A giant dipper of delights

BBC Legends Volume 4 (ICA Classics)

Artillery Row Lebrecht's Album of the Week

★★★★☆

And there shall come to pass at the end of days when every recording that was ever made is gathered together and ascended to heaven for all to hear. And even as the chariot rises so a voice will cry, “I’ve just found some more in a radio archive.”

The latest box is packed with 20 CDs of breath-catching astonishments

The ICA Classics label, founded by the artists agent Stephen Wright, has been scouring the BBC for concerts of the 1960s to 1980s that were taped but never released. The latest box is packed with 20 CDs of breath-catching astonishments, and I do not use the term lightly.

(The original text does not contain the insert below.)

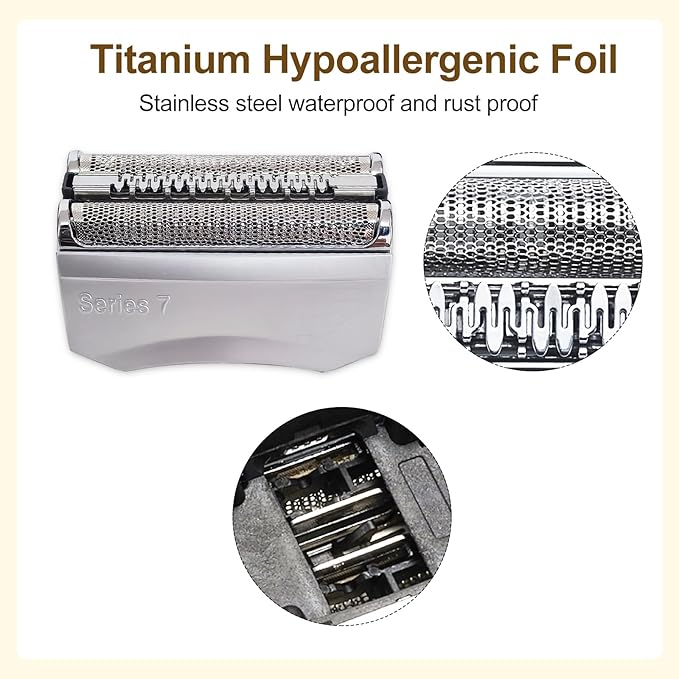 Series 7 70S Replacement Head Compatible with 795, 790cc, 7899cc, 720cc, 720s-4, 750, 760, 7383, 9565, 9585 Electric Shavers, Quick Clean, Wet/Dry Use, Compatible with Series 7 Electric Shavers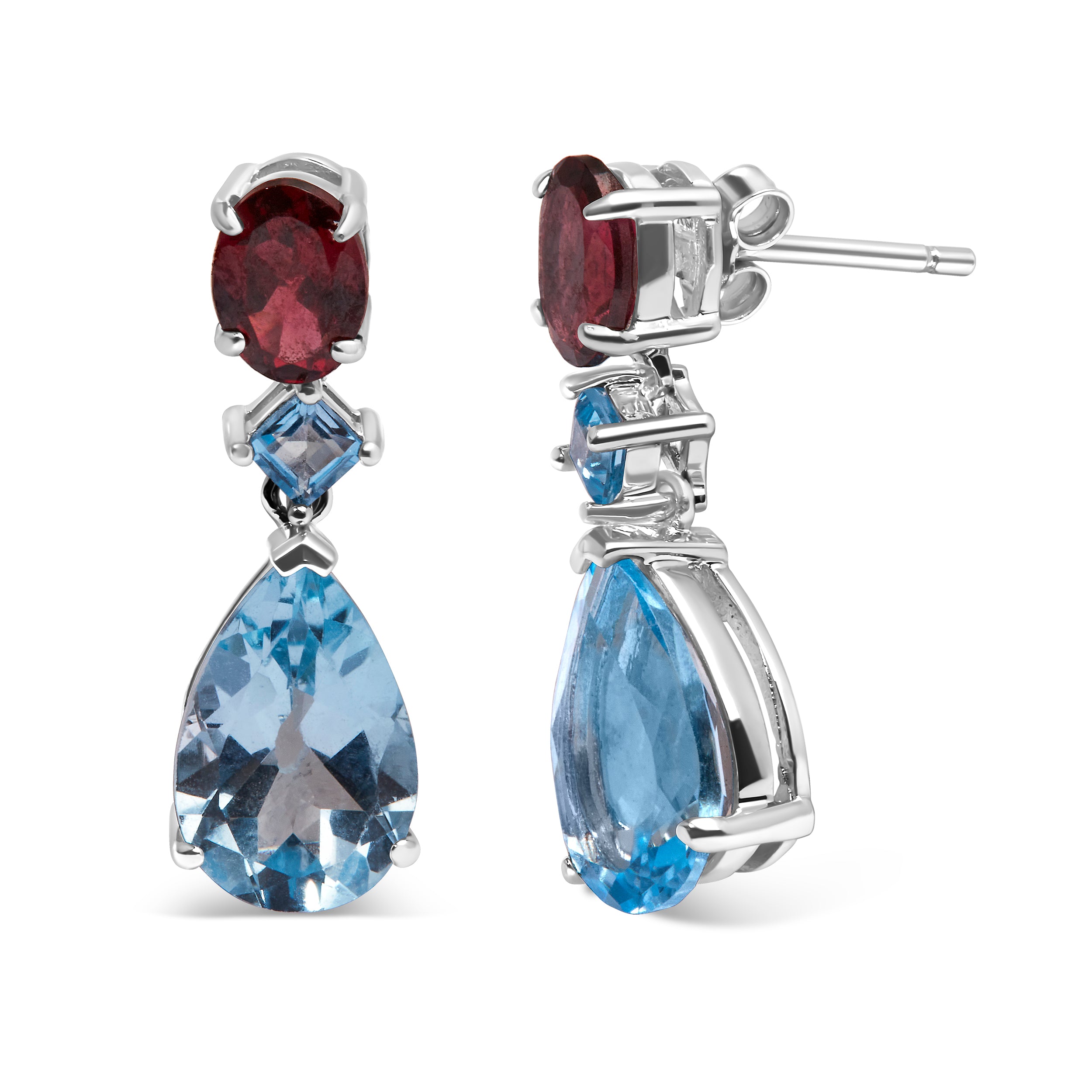 Haus of Brilliance .925 Sterling Silver 10.0 Carat Blue Topaz and Grape Rhodolite Garnet Dangle Drop Earrings 1" Inch Dangle Length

If you have no interest in hearing Sviatoslav Richter play Schubert sonatas at a Royal Festival Hall so full that it sounds warmer than I have ever known, if this snippet of information does not cause palpitations and make you want to be young again, then you have probably strayed into the wrong part of the metaverse and need to retap your search term. Richter, unique as he was, never sounded quite like this.

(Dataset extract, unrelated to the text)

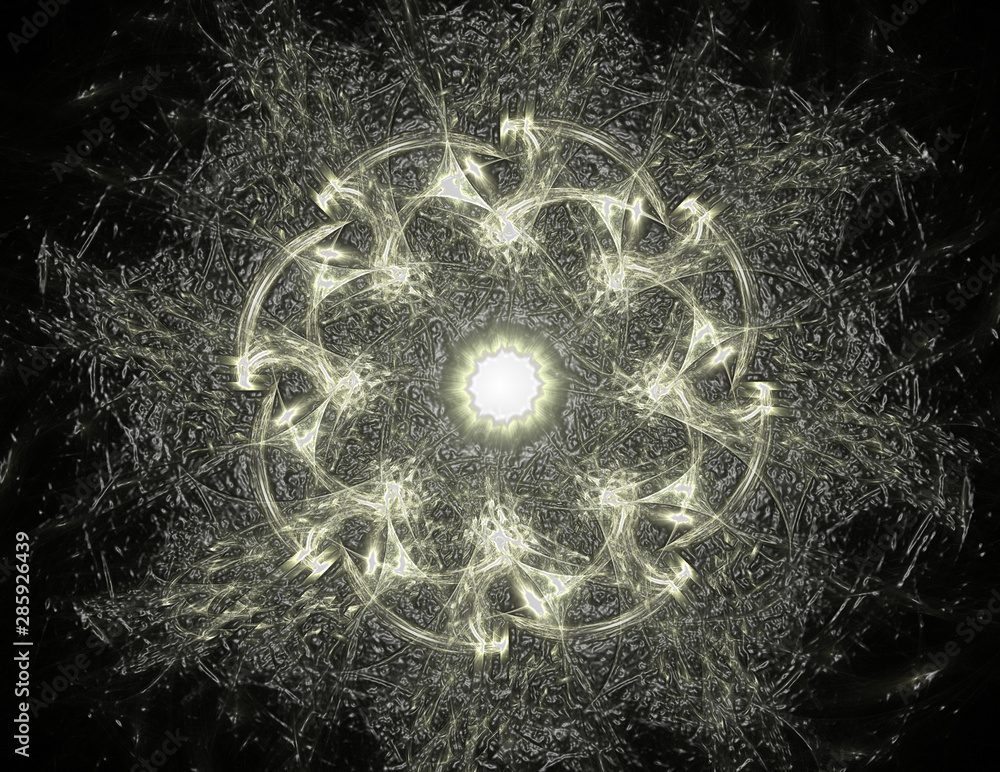 Poster abstract fractal background - computer-generated image. digital art. converging toward the center of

There’s more. Carlo Maria Giulini conducts the Britten War Requiem at the Royal Albert Hall, with the composer conducting the secondary chamber orchestra and a Polish soprano called Stefania Woytowicz chilling the blood more than any high-hooter on record. You might want to skip Arturo Benedetti Michaelangeli in the Grieg concerto — a mismatch made in a BBC canteen — but Pierre Boulez conducting Clifford Curzon in Beethoven’s Emperor Concerto? Now that’s a collector’s item if ever there was.

I’m not going to recite a catalogue aria of contents. This box is a giant dipper of delights that lacks the distraction of explanatory notes or cover art. It delivers the music in surprisingly lucid pre-digital sound. Opening it is like falling through a hole in the floor into a lost world where the great French cellist Paul Tortelier plays Elgar, the revered Rudolf Kempe conducts Tippett, and Berg and the massive John Ogdon reduce the two Liszt concertos to matchsticks. Did I mention Serkin and Szell in Beethoven? Klaus Tennstedt’s 1980 Mahler 7th from the Edinburgh Festival? Unmissable hours of an unearthly past. Do not walk on by.